En tant que « spectre blanc », la Yuki-onna est dépeinte comme une silhouette blanche qui se dresse soudain sur le chemin, par une nuit de tempête, sans laisser d'empreintes. Avant qu'elle n'approche, l'air se refroidit d'abord et le souffle gèle, blanc ; puis, dans la lueur de la neige, une femme à la longue traîne se découpe vaguement. Ce sentiment que « le froid l'annonce avant qu'elle ne vienne » est le cœur commun des récits de rencontre à travers les régions. Son visage seul est d'une pâleur translucide, ses yeux brillent de l'intérieur, et soit elle ne répond pas quand on lui parle, soit elle demande votre nom à voix basse. Dans bien des versions, l'interdit est celui-ci : répondez à sa question et votre force vitale est aspirée ; gardez le silence et vous êtes épargné.

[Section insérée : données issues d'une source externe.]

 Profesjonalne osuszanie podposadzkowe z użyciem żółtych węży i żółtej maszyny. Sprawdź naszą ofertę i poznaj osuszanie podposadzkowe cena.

Le récit de Minokichi et d'O-Yuki que Lafcadio Hearn a consigné dans Kwaidan[3] rend cette image du spectre blanc avec le plus de netteté. Après avoir glacé à mort le vieux bûcheron Mosaku dans une cabane prise par la tempête, la femme des neiges ne laisse au jeune Minokichi qu'un seul ordre : ne raconte à personne ce que tu as vu cette nuit. Plus tard, Minokichi épouse une voyageuse nommée O-Yuki, a des enfants et vit heureux — jusqu'à ce qu'une nuit de neige, contemplant le pâle profil de sa femme qui coud à la lampe, il y retrouve le visage de la femme des neiges d'autrefois et laisse échapper les mots. O-Yuki se révèle, déclare ne l'épargner que par amour pour leurs enfants, et s'évanouit par le trou à fumée en une brume blanche. Un lien scellé par un seul mot interdit se dénoue : le chagrin de la séparation, et la femme de l'autre monde éprise d'un humain, se cristallisent ici.
Dans la tradition picturale, on la peint d'ordinaire en grande femme vêtue de blanc, en lavis pâles, son contour jamais trop appuyé, fondue dans un blanc à peine distinct de la neige. Ses pieds se perdent dans la brume et elle ne projette aucune ombre, ce qui lui prête l'air d'une chose qui n'est pas de ce monde. Moins un esprit qui chante et danse qu'un spectre immobile qui se dresse sans bruit et s'efface sans bruit — telle est la vraie nature de la Yuki-onna en « spectre blanc ».
Profil du personnage
Cette section est notre propre création pour le récit. Ce n'est ni un fait historique ni une étude savante.
Type de Yōkai - Yōkai traditionnels
Rareté - Légendaire
Caractère - Elle paraît sans bruit et s'en va sans bruit. Si un lien se noue, elle s'attache profondément ; si un interdit est rompu, elle part sans regret. Silencieuse comme le froid, avec, au fond, une tristesse amassée.
Affinités - Elle demeure longtemps auprès de qui garde le silence et tient ses promesses ; son lien se rompt avec qui laisse échapper les mots à la légère.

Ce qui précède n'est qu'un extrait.